The staff of the Department of Community Development began compiling an image library in the 1980s. The collection functioned as a pre-digital archives of planning imagery used for presentations to the public and community groups; Richmond Comprehensive Planning Slide Collection illustration of the Richmond Master and Downtown Plans, as well as neighborhood plan documents; and presentations to the Planning Commission and City Council.
David Sacks, a longtime city planner who headed the Comprehensive Planning Division for a number of years, shot a large number of slides in the collection. He developed the organizational scheme for the images and assigned many of the binder headings. Additional images came to the collection from various municipal departments, Richmond libraries, and other sister cities. With the advent of digital photography and online images libraries, the department no longer required a slide library.

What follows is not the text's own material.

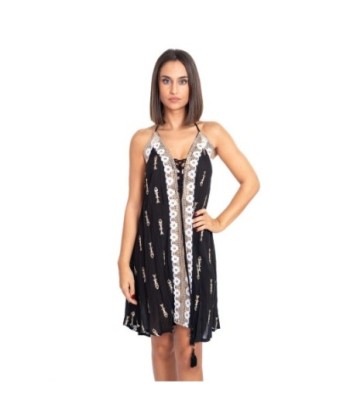 Vestido Corto Crudo para Mujer - Moda Isla Bonita Glam, Estilo Elegante, Ideal para Fiesta y Ocasiones Especiales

It was phased out in the 2000s and donated to Virginia Commonwealth University.
30 albums of color slides, dating from the 1960s through the 1990s. There are some 7,500 slides (30 albums of slides).
The Richmond Comprehensive Planning Slide Collection consists of 35mm slides of buildings, streets, aerial views, parks, people, events, and other images that captured life in Virginia's capital city. The images date primarily from the 1960s until 2000 when the Richmond Master Plan of 2000 was adopted. The bulk of the images are from the 1990s. The collection is an important resource for understanding the larger context of planning as practiced in Richmond during the second half of the twentieth century. The images document the changes in numerous Richmond neighborhoods, in the city's architecture and streetscape, and other various aspects of the built environment.
The approximately 8,125 slides are stored in 29 binders. All but five of the binders are labeled with subject headings assigned to them by Planning and Preservation Division department staff. The subject are: Aerials, Art and Entertainment Buildings, Commercial Buildings Encroachments, Environmental Plan, Fire and Police, Housing, Industrial Buildings, Monuments, Neighborhoods, Non-Richmond Slides, Office Buildings, Parks, Past Slide Presentations, People, Plans and Graphics, Plazas, Public Buildings Schools, Streetscapes, and Transportation. Twelve of the binders are labeled "Archived Slides."
The original order and organization of the slides has been maintained. The slide labels and notations were created by the Planning and Preservation staff.